Cette page a été validée par deux contributeurs.
153
ET SUR LE GÉNÉRAL LALLY.


ARTICLE XIX.


FIN DU PROCÈS CRIMINEL CONTRE LALLY. SA MORT.


Par une fatalité singulière, et qui ne se voit peut-être qu’en France, le ridicule se mêle presque toujours aux événements funestes. C’était un très-grand ridicule en effet de voir des hommes de paix, qui n’étaient jamais sortis de Paris que pour aller à leurs maisons de campagne, interroger, avec un greffier, des officiers généraux de terre et de mer sur leurs opérations militaires.

Les membres du conseil marchand de Pondichéry, les actionnaires de Paris, les directeurs de la compagnie des Indes, les employés, les commis, leurs femmes, leurs parents, criaient aux juges et aux amis des juges contre le commandant d’une armée qui consistait à peine en mille soldats.
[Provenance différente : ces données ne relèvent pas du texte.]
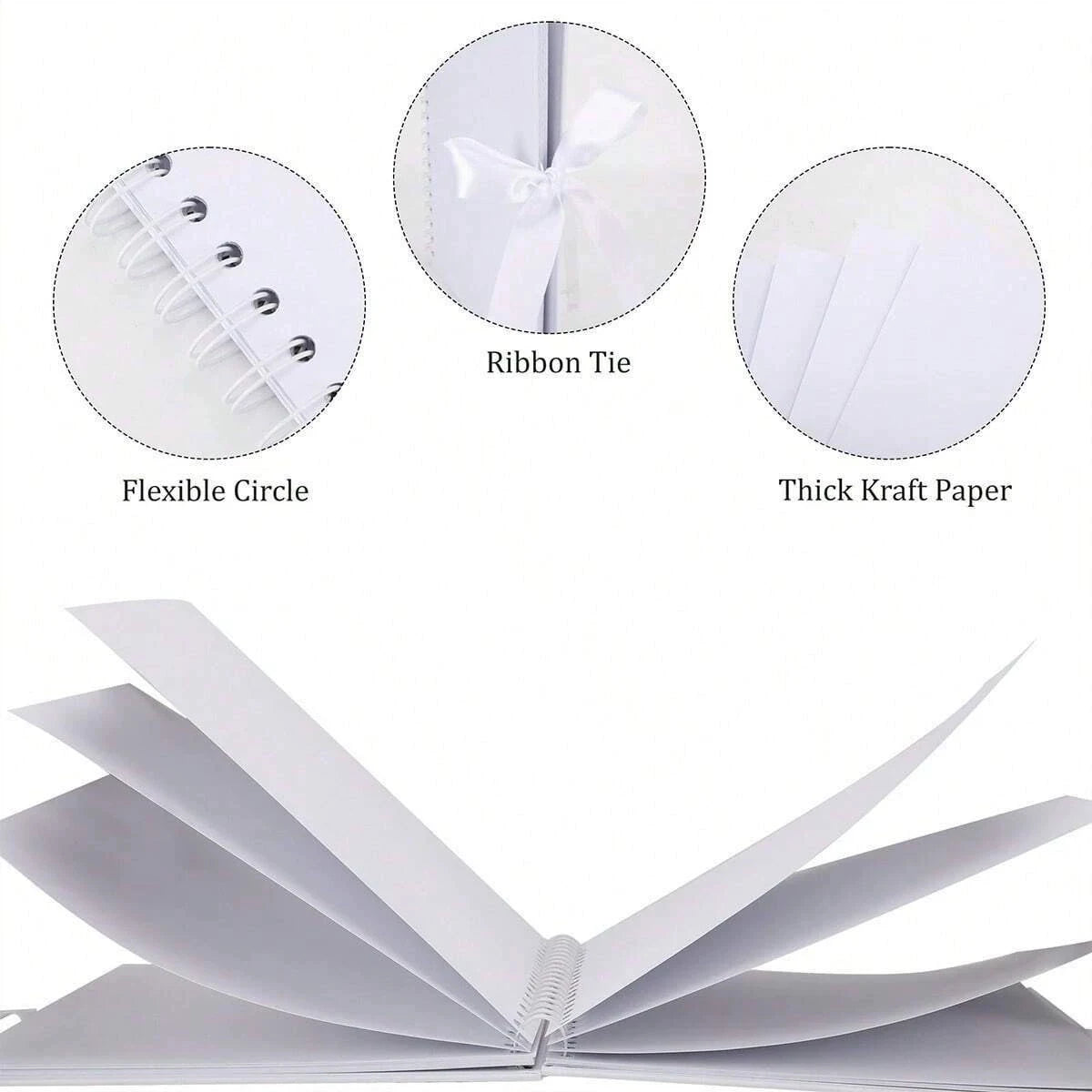 Large 40-Page Scrapbook Album for Photos and DIY Crafting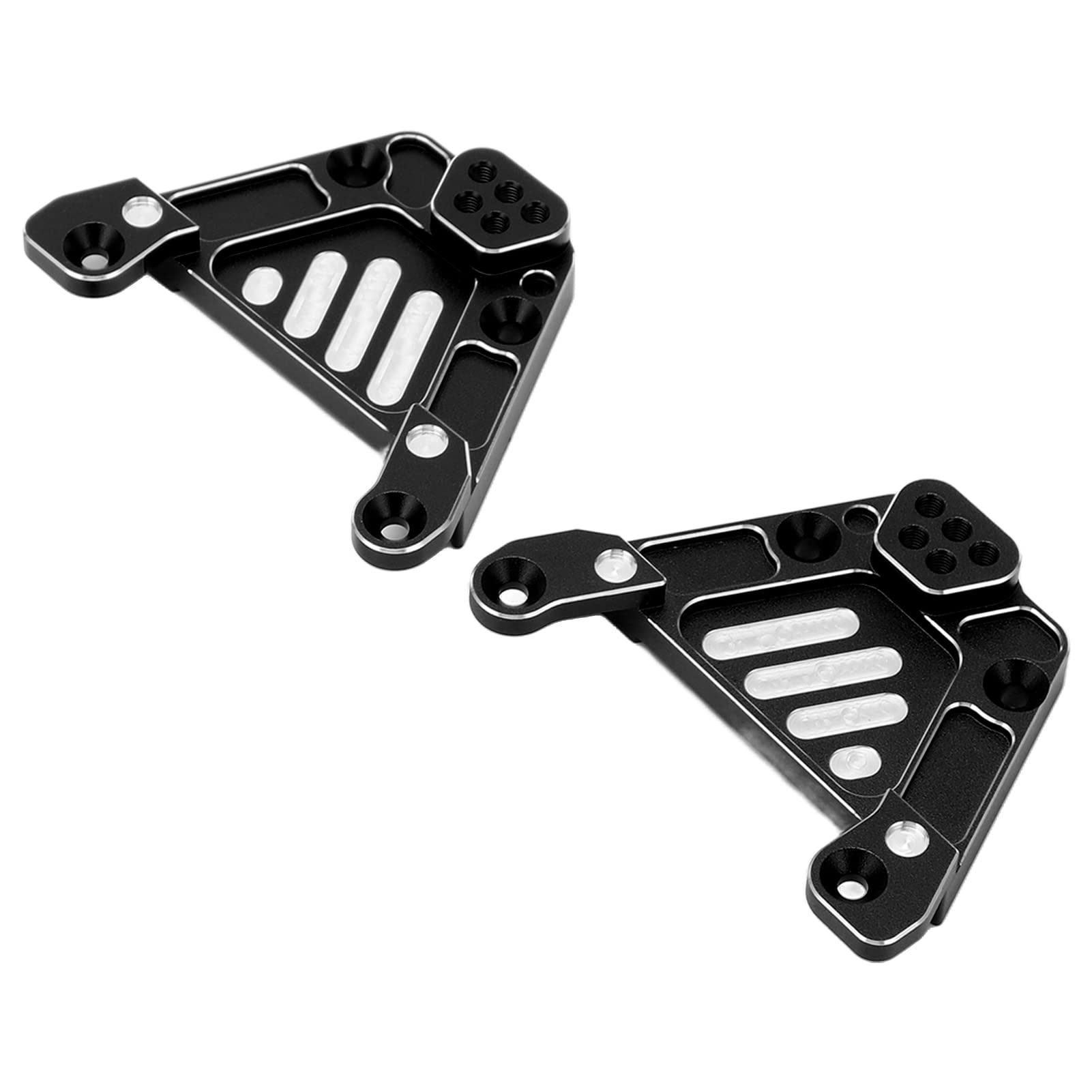 Wieże Amortyzatorów ze Stopu Aluminium CNC Wymienne Obręcze Amortyzatorów dla Axial 1/6 SCX6, Podwozie Samochodu RC Akcesoria do Ochrony Ciała (BLACK)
Les actions étaient tombées parce que le général était un traître, et que l’amiral s’était allé radouber, au lieu de livrer un quatrième combat naval. On répétait les noms de Trichenapali, de Vandavachi, de Chétoupet. Les conseillers de la grand’chambre achetaient de mauvaises cartes de l’Inde, où ces places ne se trouvaient pas[1].

On faisait un crime à Lally de ne s’être pas emparé de ce poste nommé Chétoupet avant d’aller à Madras. Tous les maréchaux de France assemblés auraient eu bien de la peine à décider de si loin si on devait assiéger Chétoupet ou non, et on portait cette question à la grand’chambre ! Les accusations étaient si multipliées qu’il n’était pas possible que, parmi tant de noms indiens, un juge de Paris ne prît souvent une ville pour un homme, et un homme pour une ville.

Le général de terre accusait le général de mer d’être la première cause de la chute des actions, tandis que lui-même était accusé par tout le conseil de Pondichéry d’être l’unique principe de tous les malheurs.

Le chef d’escadre fut assigné pour être ouï. On l’interrogeait, après serment de dire la vérité, pourquoi il avait mis le cap au sud, au lieu de s’être embossé au nord-est entre Alamparvé et Goudelour, noms qu’aucun Parisien n’avait entendu prononcer auparavant. Heureusement il n’avait point de cabale formée contre lui.

  1. On prétend qu’un des juges demanda à une personne de la famille de M. de Lally si Pondichéry était bien à deux cents lieues de Paris. (Note de Voltaire.) — Cette note est posthume.